How to complete this task -
Give back an exact copy of the lines in the records below, from the line that has "Seventh image of" through the line that has "Apartment's Limassol", and nothing besides.

Provided data -
━━━━

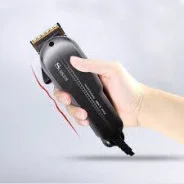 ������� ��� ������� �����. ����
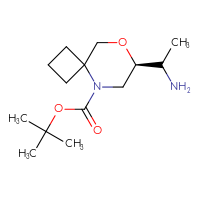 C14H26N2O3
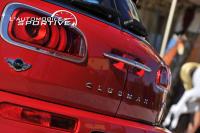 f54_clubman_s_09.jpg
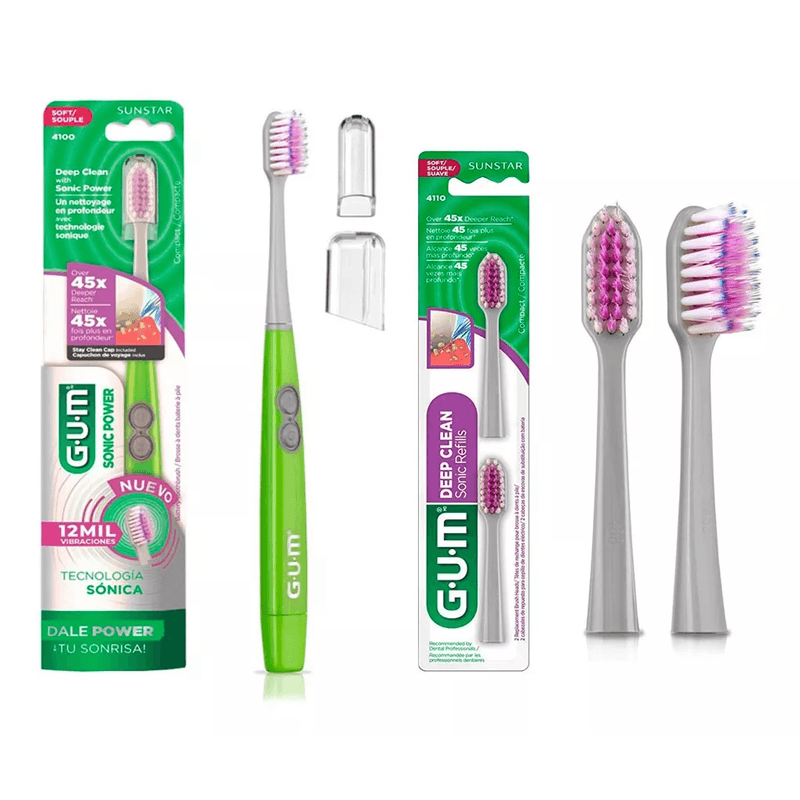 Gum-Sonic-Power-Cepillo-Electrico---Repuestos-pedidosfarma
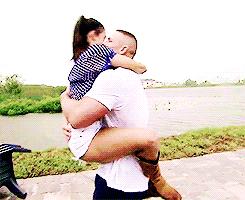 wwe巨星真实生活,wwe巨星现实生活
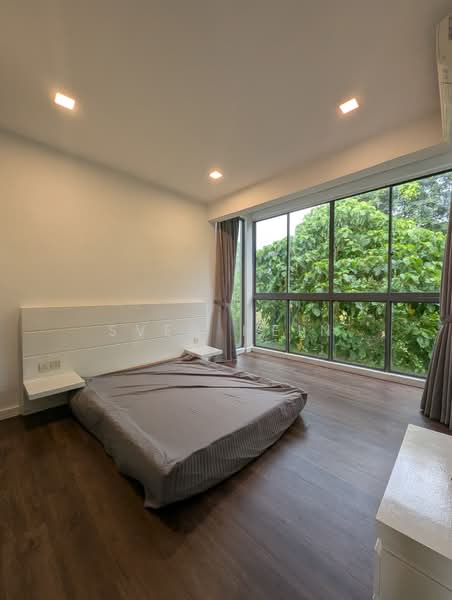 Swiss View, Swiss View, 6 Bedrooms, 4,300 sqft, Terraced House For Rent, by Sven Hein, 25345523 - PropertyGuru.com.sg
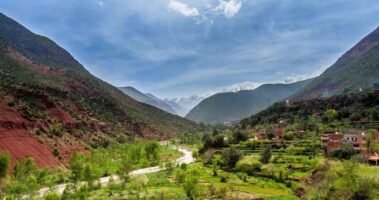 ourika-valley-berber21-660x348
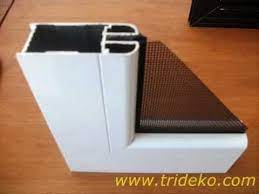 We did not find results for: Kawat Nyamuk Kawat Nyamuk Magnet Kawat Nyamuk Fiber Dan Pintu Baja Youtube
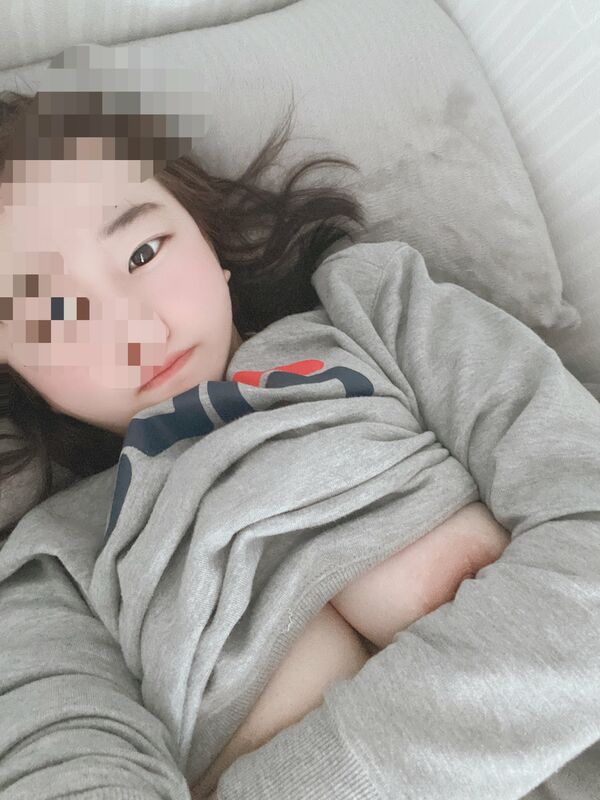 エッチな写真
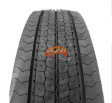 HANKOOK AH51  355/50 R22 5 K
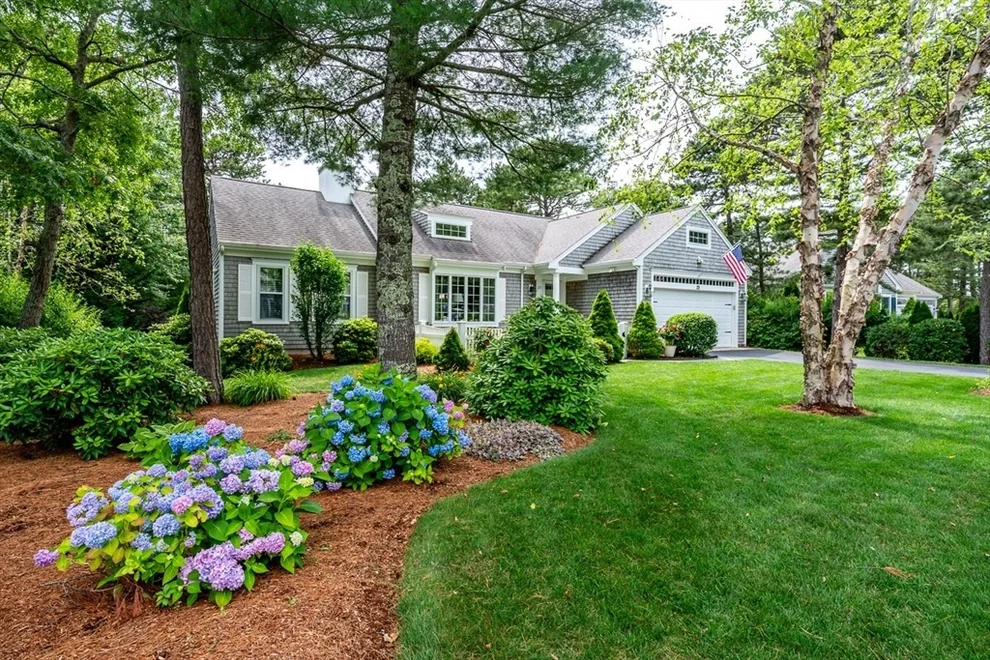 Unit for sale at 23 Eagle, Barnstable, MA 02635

━━━━

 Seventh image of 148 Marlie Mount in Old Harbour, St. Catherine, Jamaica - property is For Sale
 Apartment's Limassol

━━━━

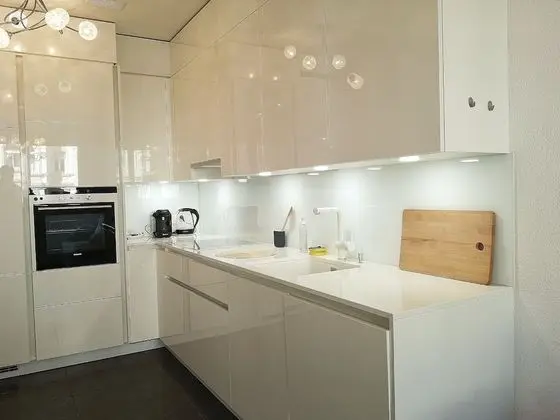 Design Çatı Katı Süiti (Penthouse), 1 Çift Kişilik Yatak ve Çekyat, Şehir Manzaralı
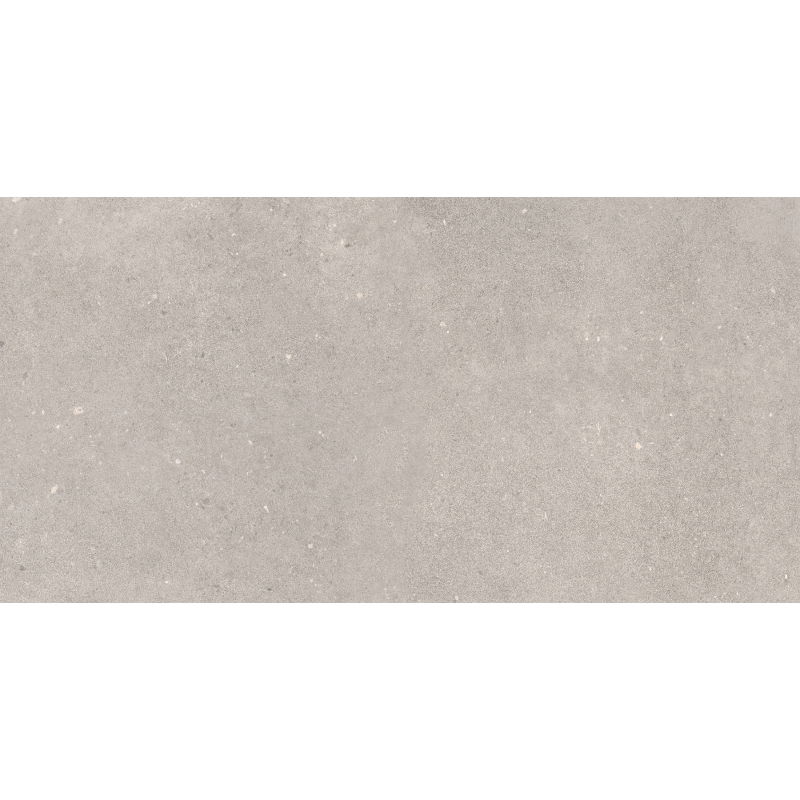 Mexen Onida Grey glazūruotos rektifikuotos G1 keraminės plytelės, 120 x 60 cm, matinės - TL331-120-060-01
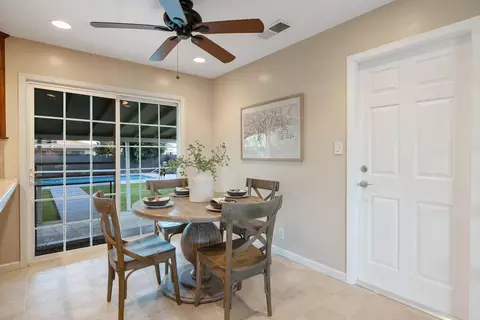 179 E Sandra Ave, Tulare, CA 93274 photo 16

━━━━

Solution to the exercise -
 Seventh image of 148 Marlie Mount in Old Harbour, St. Catherine, Jamaica - property is For Sale
 Apartment's Limassol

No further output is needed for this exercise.